Saturday, November 17, 2018


We're steadily progressing into winter. By the calendar winter is till a month away, but that's a human construction, pinning winter's arrival to December 21; nature ignores all such artifices and knows that when she wants her cold season to arrive, she'll move her elements to the task. And they obey, never questioning what it is that the conditions they represent in wind, atmospheric temperature and moisture are meant to accomplish. They're far more intimately acquainted with the seasons that we who are just passing through.

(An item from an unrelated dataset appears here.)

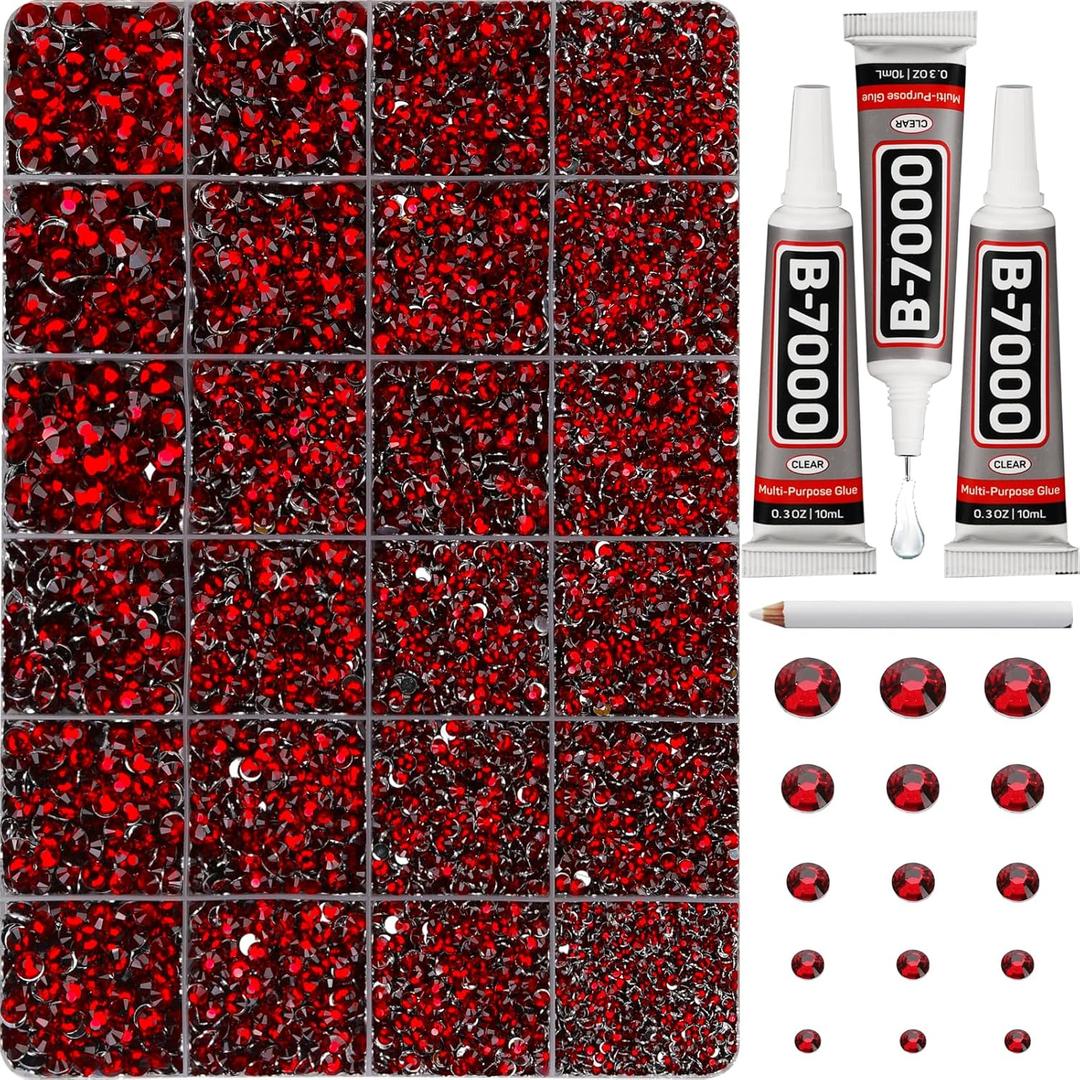 30000Pcs Resin Rhinestones Set for Crafting Bedazzling, Maroon Dark Red Burgundy Flatback Gems Jewels for Crafts Clothes Shoes Fabric Outfit Nails Makeup, Flat Back Crystal 2-6mm with b 7000 Glue (Large Pack + 3Pcs Glue)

So now instead of kicking up masses of fallen foliage as we make our way along forest trails in the ravine, it's freshly fallen snow that rises in white puffs before us, as we sink our boots into their plushy heights.  Jackie and Jillie are beside themselves with joy over the new conditions that have arisen in their natural environment.

The 'wet' feeling on their little paws excites them to run about hither and yon in an excess of exuberant happiness. Jillie champs at the bit as it were to go faster and further than ever before and has to be recalled constantly. Jackie is more attuned to how we feel about their going too far out of sight and tends, when we call Jillie back to us to race like the wind to be at our side. And as long as there is nothing of interest ahead to monopolize Jillie's attention she too after a second or third urgent call to return zips along the traiL back to us.

Our younger son, with us for too-short a time, accompanied us on our walk yesterday afternoon. He'll be flying back to Vancouver all too soon. Whenever he has a conference in Ontario or Quebec he plans to use his location as a springboard to stay with us awhile before returning home to Vancouver. A chance for us to catch up in person next to one another with whatever's happening with the family. He stopped over a day in Toronto to visit with his older brother. He's yet to see his sister and that's scheduled for tomorrow.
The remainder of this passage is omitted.